BEGIN TASK DATA
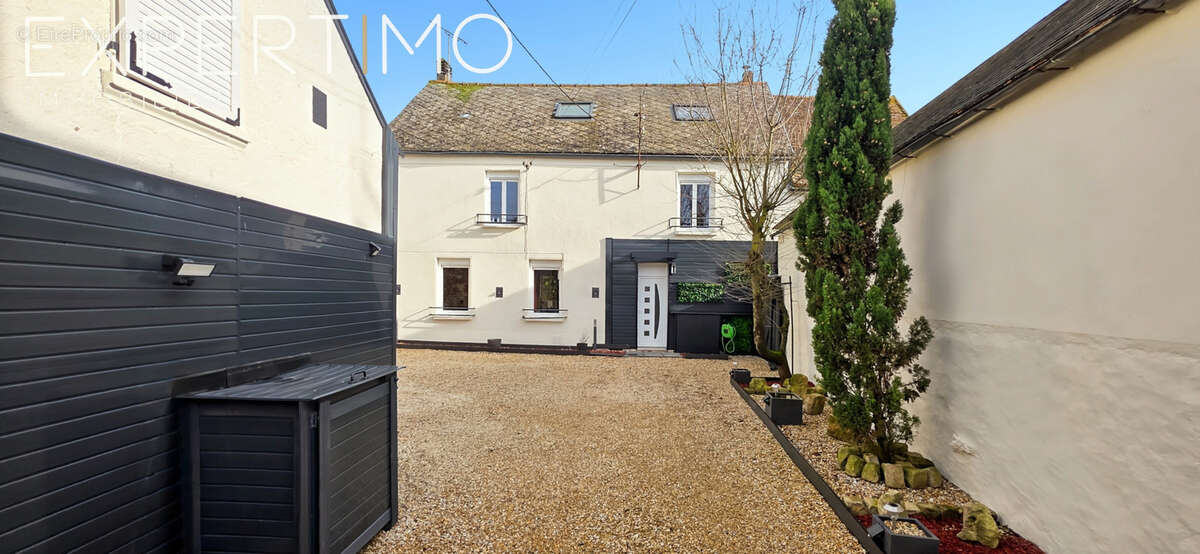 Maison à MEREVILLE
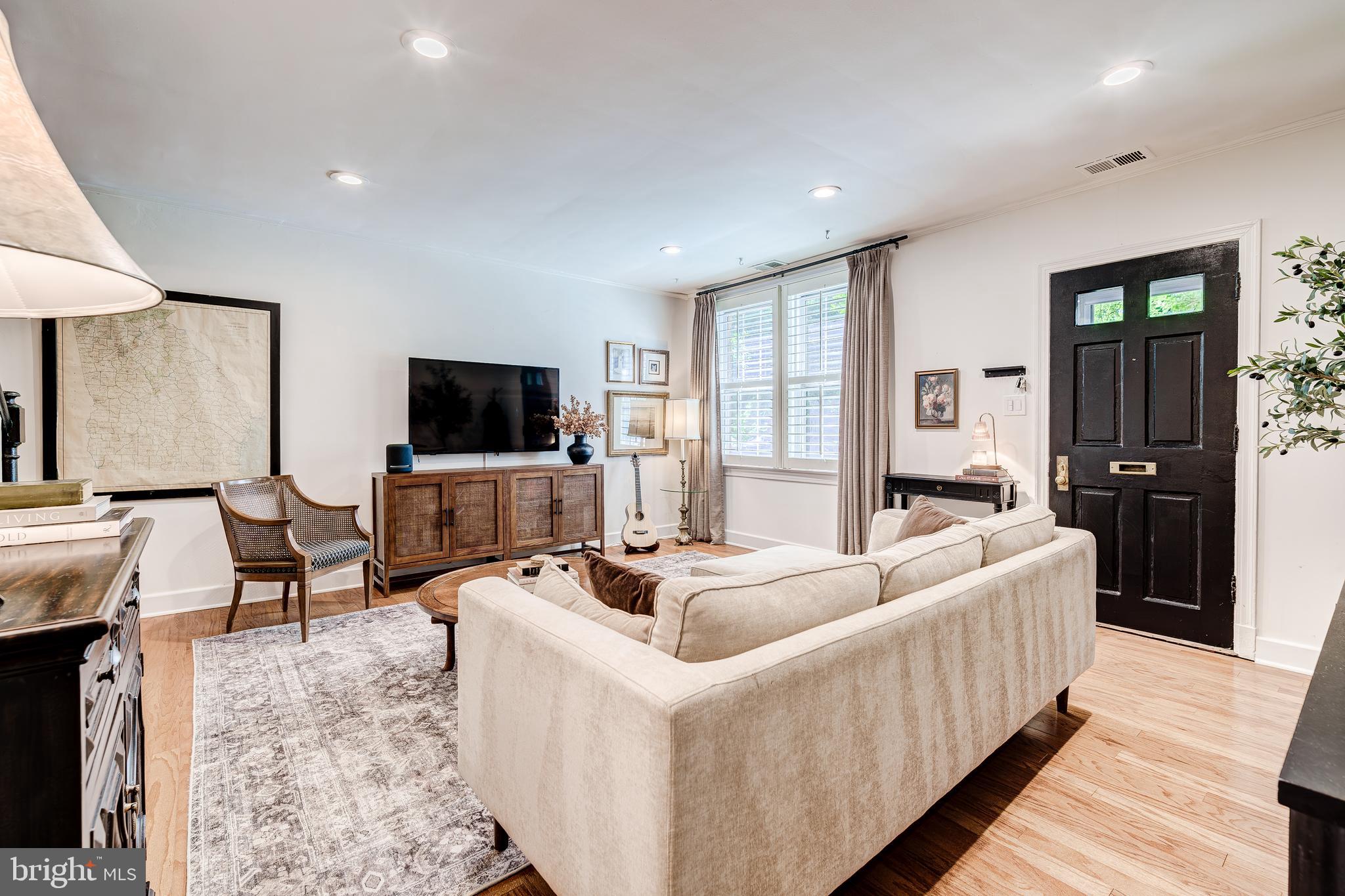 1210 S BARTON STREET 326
END TASK DATA
BEGIN TASK DATA
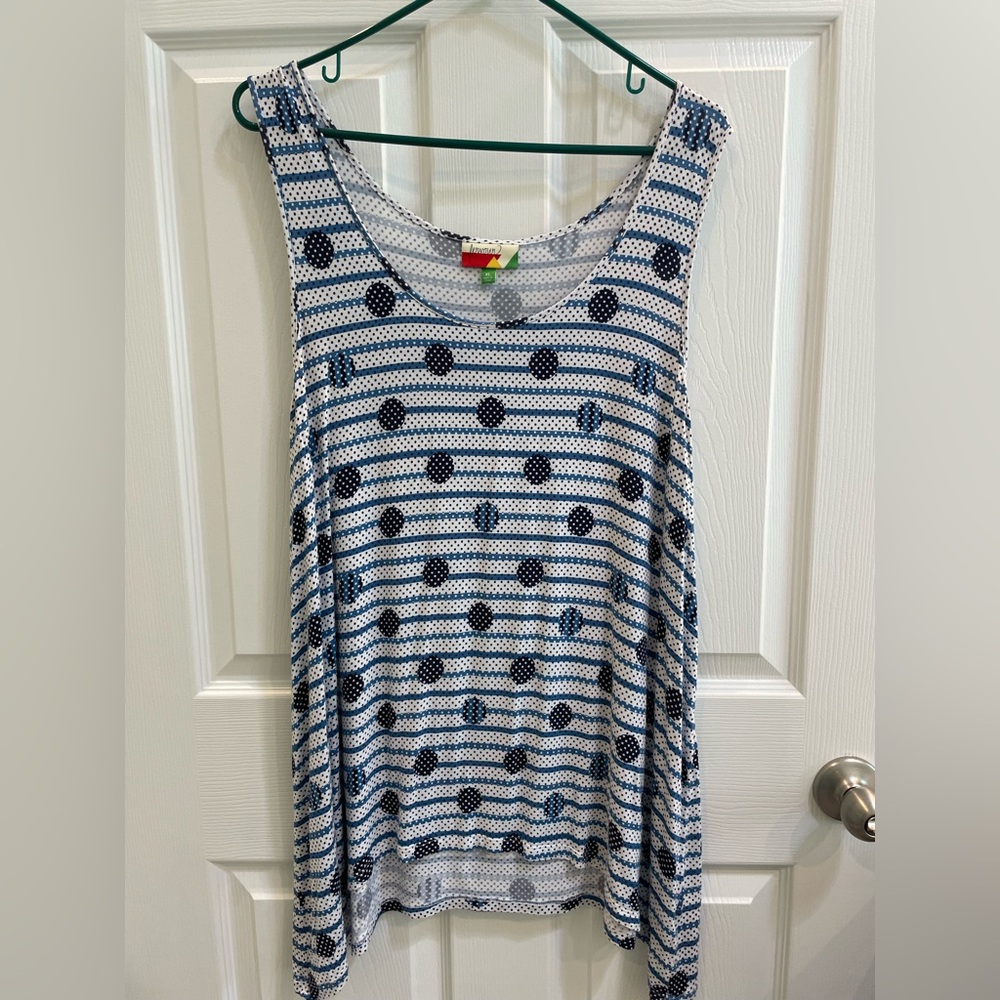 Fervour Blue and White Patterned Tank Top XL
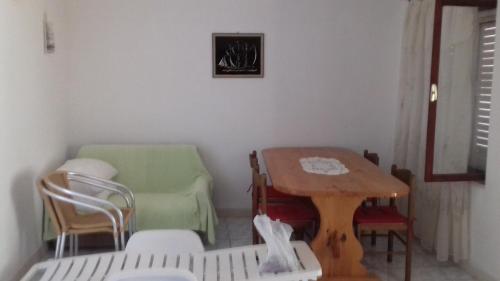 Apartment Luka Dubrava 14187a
END TASK DATA
TASK ITEM: Set down exactly the lines above, from the line containing "Fervour Blue and White Patterned Tank Top XL" through the line containing "Apartment Luka Dubrava 14187a". Skip the pictures.

SOLUTION TO THE PROBLEM:
 Fervour Blue and White Patterned Tank Top XL
 Apartment Luka Dubrava 14187a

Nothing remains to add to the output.